Possibilities for Future Research
This paper is just the beginning of research into the complex adaptive nature of gangs. A variety of research projects might prove fruitful in this area.
- Collect information from gang members to adapt the list of rules that drive the Robin Hood Syndrome to fit reality.
- Evaluate existing records to test for the presence of other CAS behaviors in gang environments.

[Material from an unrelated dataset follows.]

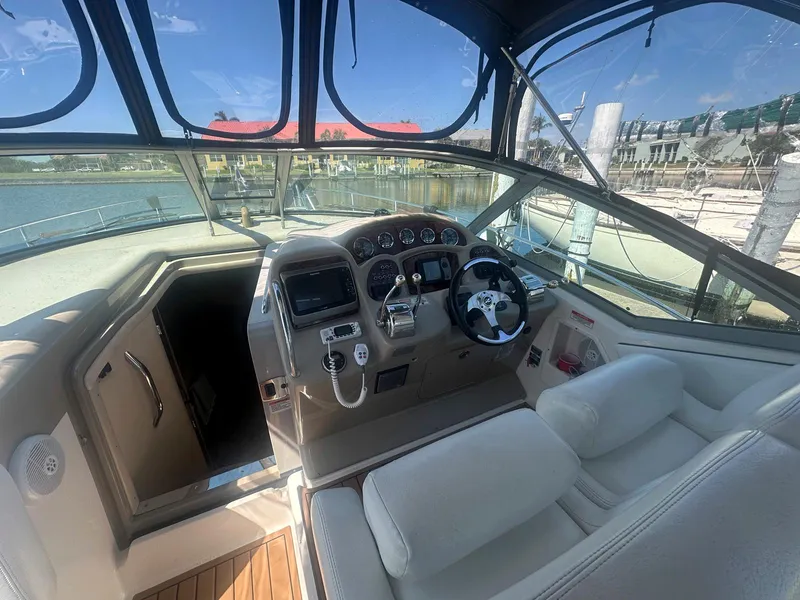 Slide: The Image of 2007 Sea Ray 320 Sundancer cockpit with steering wheel and control panel, docked at marina. - 4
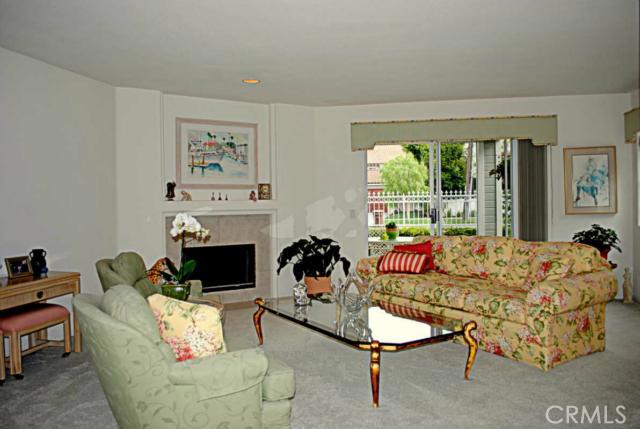 Formal living room with Marble faced fireplace and walk out covered patio. - 24445 Santa Clara Avenue, Dana Point CA 92629 - photo 1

- Survey effective intervention techniques and determine whether or not they address the CAS nature of gangs.
- Design and develop a cellular automata computer simulation model to investigate the behavior of gangs and individuals in gangs.
- Use other models from CAS research, such as epidemiology, meteorology, anthropology, and economics, to build meaningful metaphors about the dynamics of gangs.
- Design, implement, and test techniques at the primary, secondary, and tertiary stages to determine if the CAS model generates effective treatment or intervention strategies.
All of these research approaches would help test and extend the ideas presented in this paper.
Conclusion
This paper has presented a model of street gangs as complex adaptive systems. CAS behaviors and their relevance to street gang behavior were summarized. The Robin Hood Syndrome was defined as a combination of gang behaviors that emerge from applications of a short list of simple rules. Based on this model, the paper proposed promising intervention and research strategies. The Robin Hood Syndrome is a powerful model to help understand and intervene in the behavior of street gangs and their members. When a street gang can be viewed as an adaptive response to a complex situation, then new options for research and intervention are created.